Finding a lawyer that can help you prepare a proper will with a disability-based discretionary trust can be a challenge, but certainly not impossible.

It is important to keep in mind that law is very specialized. A great family lawyer doesn’t necessarily know anything about estate law, and a good estate lawyer doesn’t necessarily understand disability trusts. Hence, it’s crucial to find a lawyer who actually understands both the disability assistance scheme and estate planning.
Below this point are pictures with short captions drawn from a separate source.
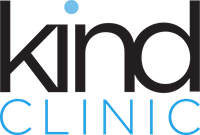 Kind Clinic Koenig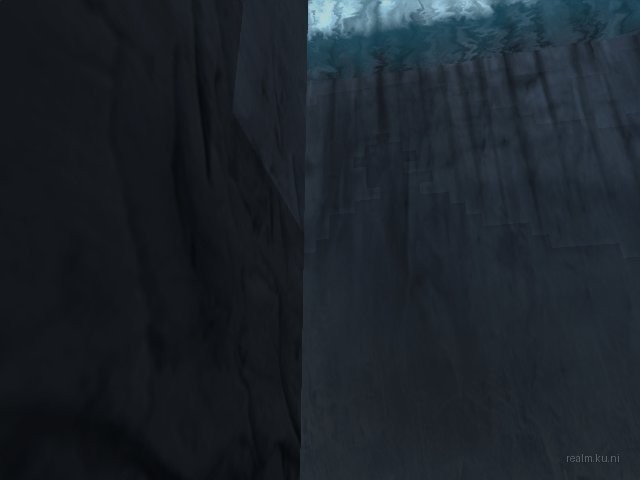 js_build_puzzle_nine_v14 for hl2dm screenshot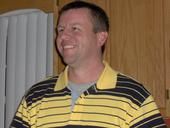 Neil Parker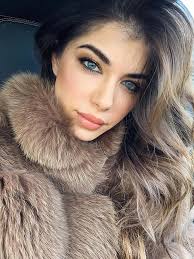 Iva Šarić pokazala svoju mamu Vesnu i jasno je od koga je naslijedila  ljepotu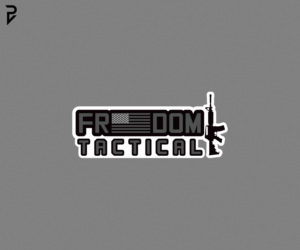 Logo Design by poisonvectors for this project | Design: #25561454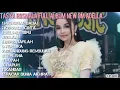 Download Lagu Tasya Rosmala Full Album New Om Adella 2021  || mengejar badai || keranda cinta
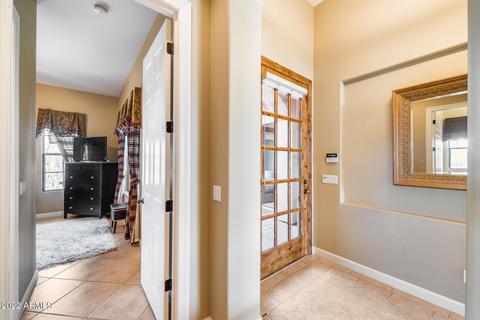 8251 E Teton Cir, Mesa, AZ 85207 photo 26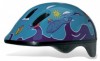   BELLELLI Taglia FISH AZZURRO size-M ( ())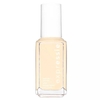 Product Essie Expressie 10ml - 100 Busy Beeline  thumbnail image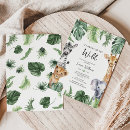 Recherche de lion africain invitations Pour elle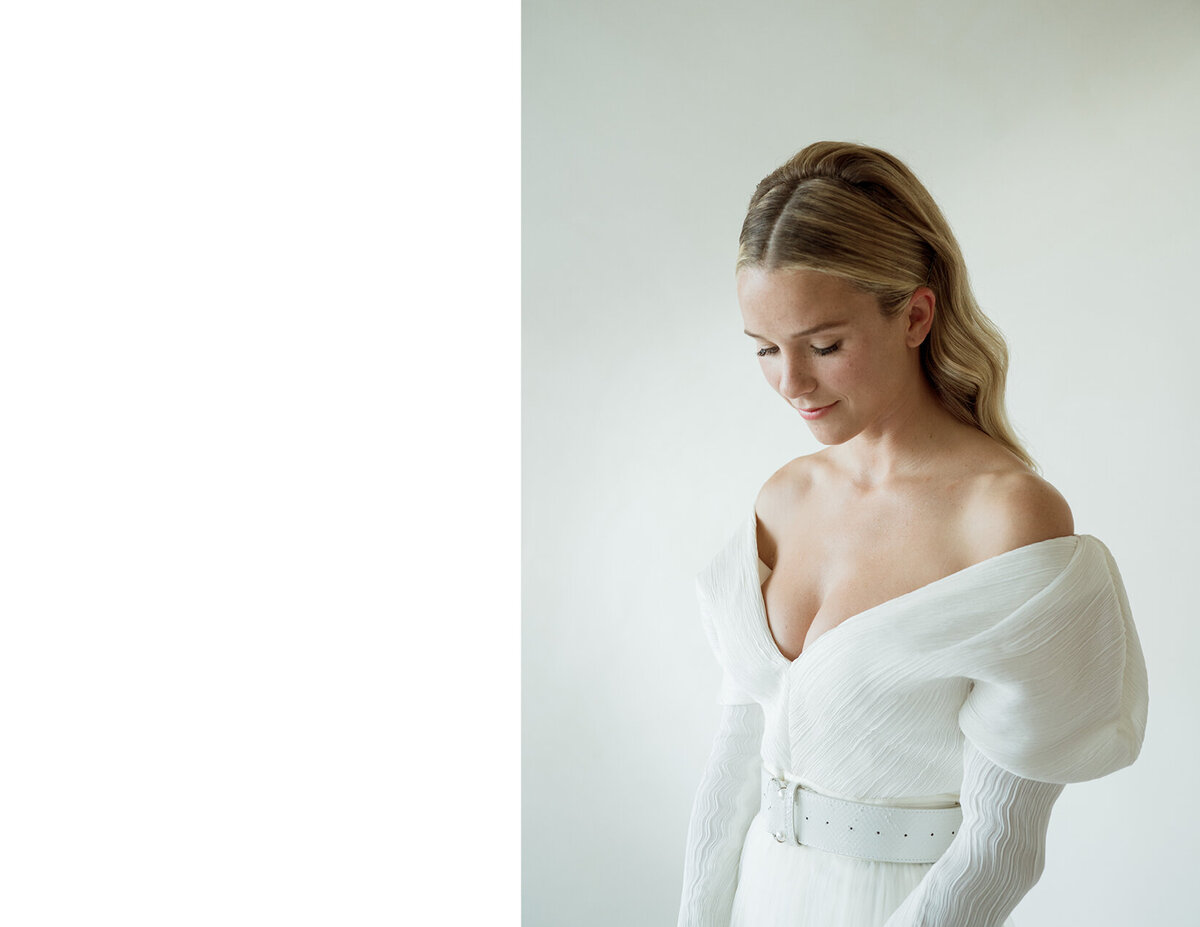 0011-Lookbook-202311.jpg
I always recommend starting by asking around. If you know a good lawyer, ask him or her who they’d recommend – good people usually recommend other good people. Ask other parents with sons and daughters with disabilities who they’ve dealt with. Ask at the community associations you deal with whether they know of experienced estate/trust lawyers in your area. Eventually, you’ll get some names. Then, start making your own inquiries. Interview your perspective lawyer – either over the phone or in person. Many will give you a free initial consultation. Even if they won’t, it is worth paying for a half hour consult to ensure that they’re right for you.

Here are a few questions that you might want to ask:

  1. “How many disability trusts have you done in the past year? Five years? Ten years?
    If it’s “one”, or “none”. . . they’ll likely have to do research to educate themselves.  You will probably end up paying for their time to find the answer. . . and no guarantees they will get it right!  On the other hand, if they have done dozens (or hundreds) of trusts, they probably have some experience.  No guarantee they’re doing it right, but at least they have some experience.
  2. “How will the disability assistance rules affect my estate planning?” 
    This is a simple question that can have a simple answer – “A person on disability assistance can only have $100,000 in liquid assets.  More than that, and they’ll be cut off. As well, the income from those assets will be deducted, dollar-for-dollar, from their monthly benefits. By having their share of your estate going directly into a discretionary trust, they will continue to qualify for assistance.” If it takes the prospective lawyer more than a few sentences to clearly explain the basics, they may not have the knowledge to give you sound advice.
  3. “How much do you charge?” 
    The amount a lawyer charges to do a will with a discretionary trust is not necessarily related to how good it will be. However, it does tell you how much you’ll be paying, and allows you to determine whether you can afford their services. I’ve seen trusts that have cost thousands of dollars which had significant flaws, and I’ve seen trusts that were under $1000 that work very well. Typically, you can expect to pay more for a will with a discretionary trust than you would pay for a will done by the notary or lawyer “around the corner”, because the lawyers who do them well tend to have a lot of experience. The upside is, because of their experience, they will often think of, and address, issues that have never entered your mind!

Ultimately, you need to find a lawyer who you can communicate with, who wants to understand your needs, who gives you the confidence that they know what they’re doing, and who can provide the service at a price that you can afford. It may take some searching to find the right professional – but when you do, it’s definitely worth it!

Please note that this column is provided for general information only. As specific facts affect how the law is applied to your circumstances, it is always wise to get the advice of competent legal counsel.